Mukundan said many of the existing discoveries by various companies such as Gujarat State Petroleum Corp (GSPC), ONGC, RIL-BP and others become viable at the new price which could bring over 50 million standard cubic meters per day of new gas production on stream in 3-4 years.
He said subsidised LPG is sold in India at $12 per mmBtu, commercial LPG sells at $24. The price of CNG in New Delhi is $14 per mmBtu, while diesel (after subsidies) sells at $19.
"How then, can a price of $6.7 per mmBtu (based on Dr Rangarajan formula for the current quarter and estimated at $8.4 in April 2014) be considered high when crude oil produced under the same Production Sharing Contracts and similar industry costs, fetches $18 per mmBtu?," he asked.
Also, costs of setting up gas production facilities are not only higher, but also gas projects have far longer gestation periods.
BP India head said the New Exploration Licensing Policy
(NELP) recognised the need for gas-on-gas competition as vital to not just spur domestic production, but to integrate Indian gas markets with prices elsewhere.
"However, the tenets of NELP have been considerably diluted and the introduction of the Gas Utilisation Policy in 2008 has taken away the freedom given to Contractors to market gas... While the Rangarajan formula is not 'the' market price for gas, it is a step in the right direction to transition India to a deregulated gas market with marketing and pricing freedom," Mukundan said.
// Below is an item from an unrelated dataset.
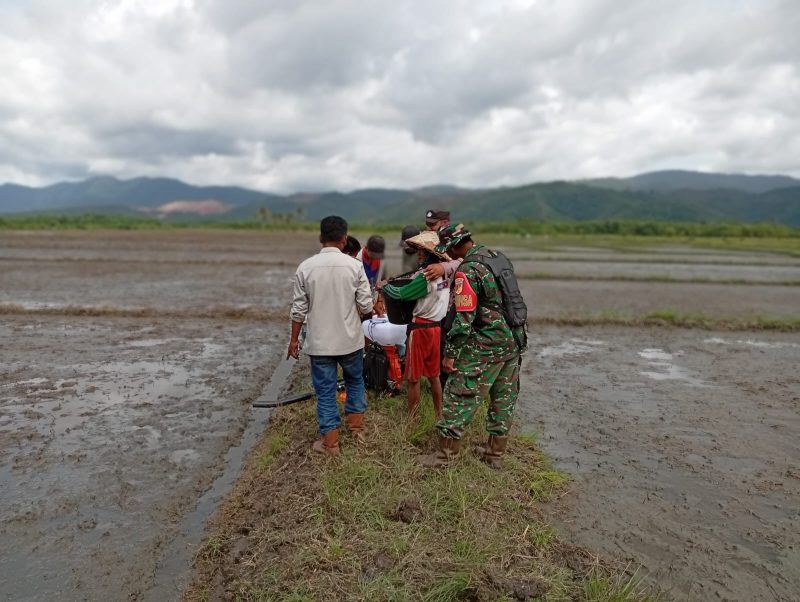 Foto Babinsa lakukan pendampingan petani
Clarity on this transition combined with a stable fiscal and policy framework and enabling decision making will generate a spurt in E&P activity, he said.
"Oil and gas production has remained stagnant in India because of low investor interest and difficulties encountered in monetising assets and bringing them rapidly into production.
"If India is to have a competitive oil and gas regime, then policy must be crafted in full appreciation of the relative prospectivity of Indian basins (compared with Qatar, Saudi Arabia, Brazil or US) and the lack of exploration because of the difficulties they present," he added.
Mukundan said only $20 billion has been invested in domestic oil and gas fields in past five years and Indian firms are finding it more fruitful to acquire acreages abroad.
"The return on investments made by Indian companies in oil and gas sector in foreign countries is far more attractive than in India," he said.
Since the government approved a price of $4.2 in 2007, prices of other commodities like crude, fuel oil, naphtha, liquid gas or LNG, imported coal have more than doubled.
"Today, the country is paying over $per mmBtu for imported LNG as compared to $3.86 in 2007," he said, giving details of price range of long-term liquefied natural gas (LNG) contracts of public sector firms that range between $12 to 15.5 per mmBtu.
"Given the price at which India is buying LNG, why should any investor choose to invest in India to produce and sell natural gas at an uneconomical price of $4.2 when he can invest overseas to produce the same gas and sell it at a far higher price into the Indian market?," he asked.